Pues sí. Algunos hay. La Iglesia española también tiene sus ovejas negras. Veamos un ejemplo.

3. Un obispo contra Franco. El caso deliberadamente silenciado de Francisco Vidal y Barraquer


La Carta Colectiva del Episcopado español a los obispos del mundo entero es un documento fechado el 1 de julio de 1937. Estaba redactada por el cardenal primado de Toledo Isidro Gomá y respondía, previa petición directa de Franco, al intento de difundir al resto de la comunidad cristiana “las verdades” de la Guerra Civil española (o dicho de otro modo: por qué la Iglesia española en bloque apoyaba al bando nacional y por qué todos los cristianos del mundo debían hacer lo mismo). Bien, esto es lo que se enseña en los libros de historia de este país destinados a la educación de los adolescentes (por ejemplo, libros de historia de 4.º de ESO). Al menos en los libros en los que se menciona esta carta y, por ende, el papel de la Iglesia en la Guerra Civil.

Pero nótese que he utilizado unas cursivas unas líneas más arriba. En bloque… La Iglesia en bloque; eso da a entender que la firmaban todos los obispos.

Pues no, no están todos. Hay uno que falta. Uno que no quiso firmar: el arzobispo de Tarragona y cardenalFrancisco Vidal y Barraquer.

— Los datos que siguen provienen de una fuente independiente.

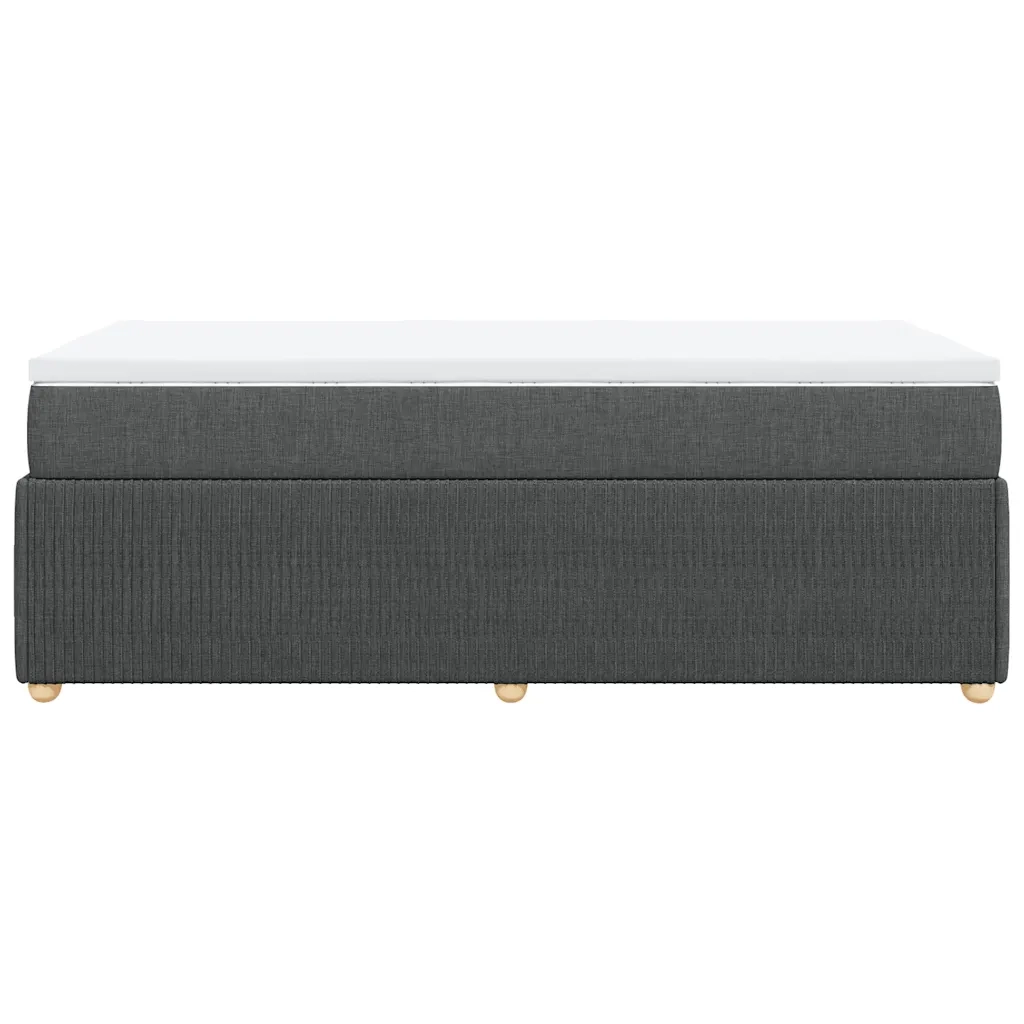 Giroletto a Molle con Materasso Grigio Scuro 80x200 cm Tessuto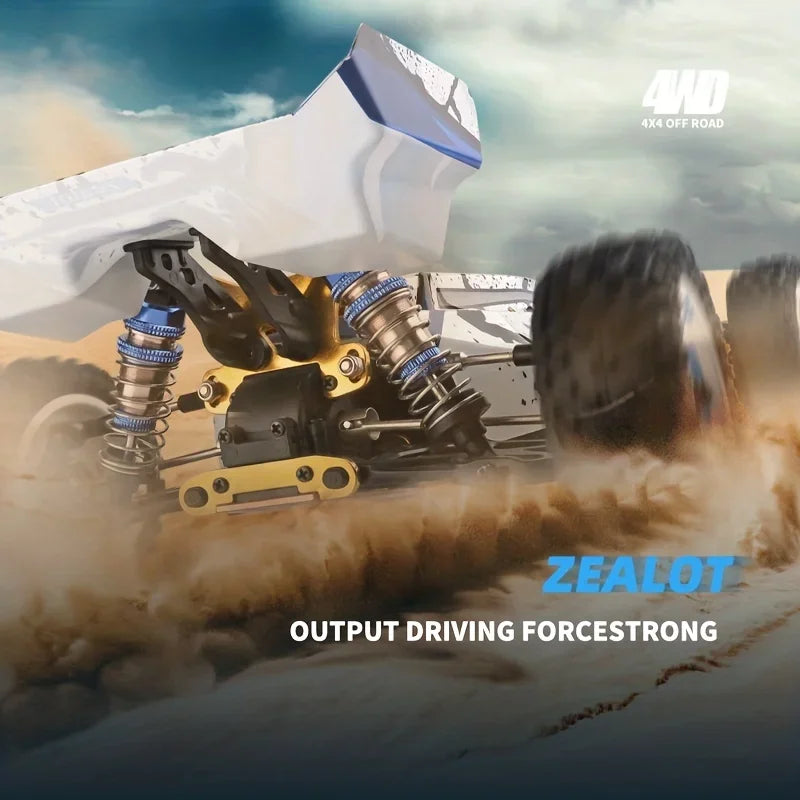 Blue and white 1/12 scale RC racing car drifting on a dirt surface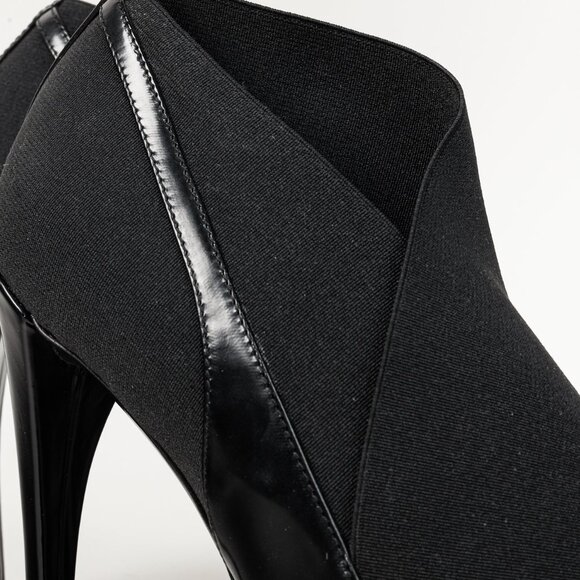 Christian Dior Black Leather Elastic Wrap Pointed Toe Stiletto Bootie - Picture 7 of 10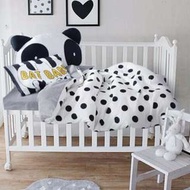 【預購】H - 黑白點點：棉質！嬰兒床款＊床單套件三件組(尺寸：被套110*140*1/床單120*150*1/枕套30*50*1)_免運。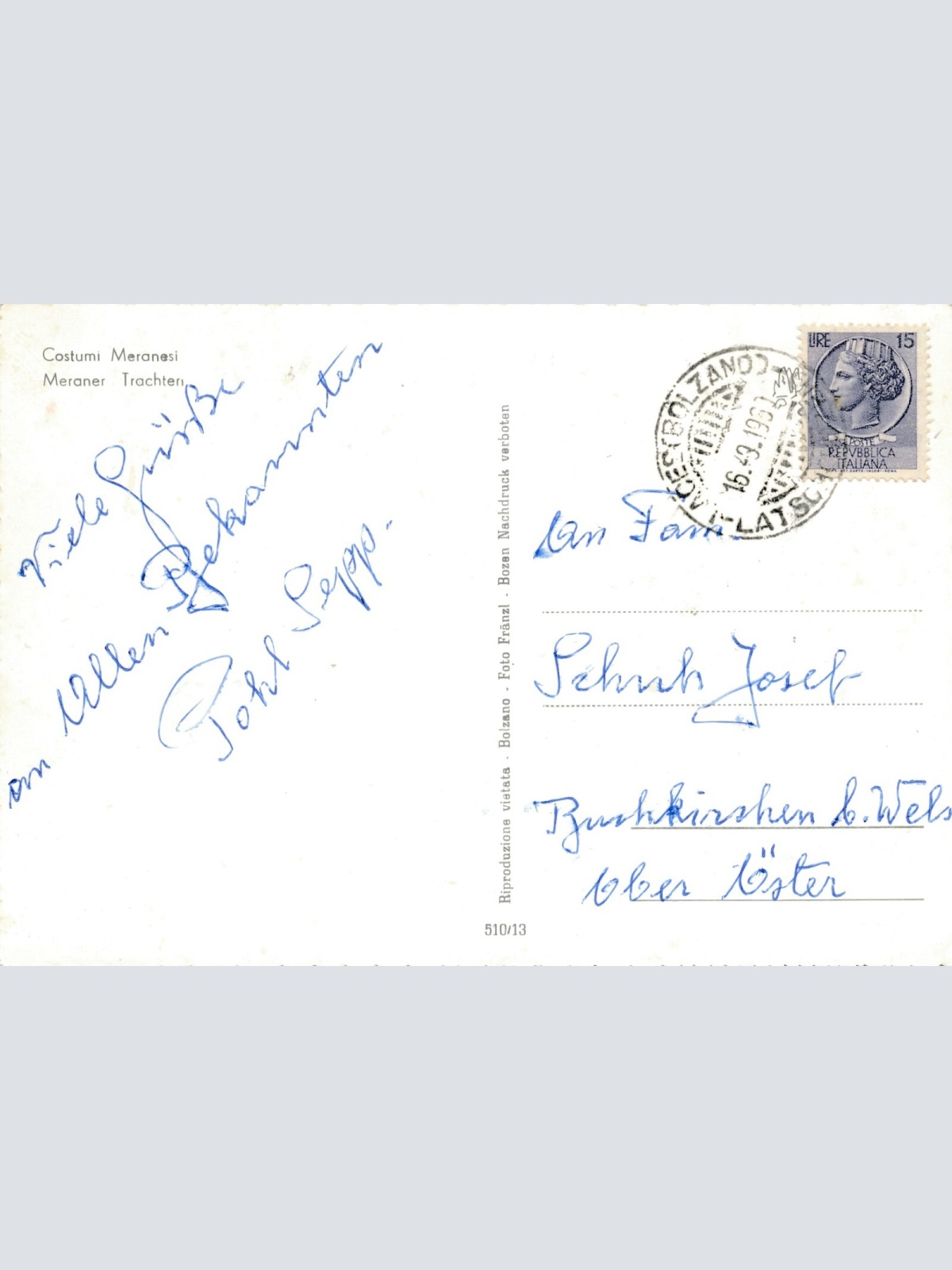 AK von der Meraner Trachten Ansichtskarte Italien (8149)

Y no quiso firmar no porque no conociera de sobra la persecución roja (él mismo había estado a punto de ser fusilado por unos milicianos al principio de la Guerra Civil, y había visto cómo moría su obispo auxiliar,Manuel Borrás, que no había tenido tanta suerte), sino porque creía que aquella carta era un instrumento de manipulación propagandística por parte de Franco y que, en medio de una Guerra Civil, la Iglesia española, como Iglesia de todos los españoles, debía no decantarse de modo excluyente por una de las partes beligerantes. Por estas ideas Franco le prohibió regresar a España una vez terminada la Guerra Civil (después de ser salvado in extremis de ser fusilado, el Gobierno de la Generalitat consiguió evacuarlo a Italia, donde pasó el resto de la guerra), e incluso presionó para que los papas Pio XI y Pio XII le obligaran a renunciar a sus cargos. En este caso Franco no se pudo salir totalmente con la suya. Los papas no accedieron a su petición. Y eso que Franco se lo tomó tan a pecho y se puso tan pesado que, al final, hasta el mismo cardenal Gomá se molestó. Pero, pese a todo, el obispo de Tarragona nunca pudo volver a su sede. Murió en 1943. Él quería, ya que otra cosa no era posible, al menos ser enterrado en su tierra. Pero sus restos no fueron trasladados a España hasta 1978.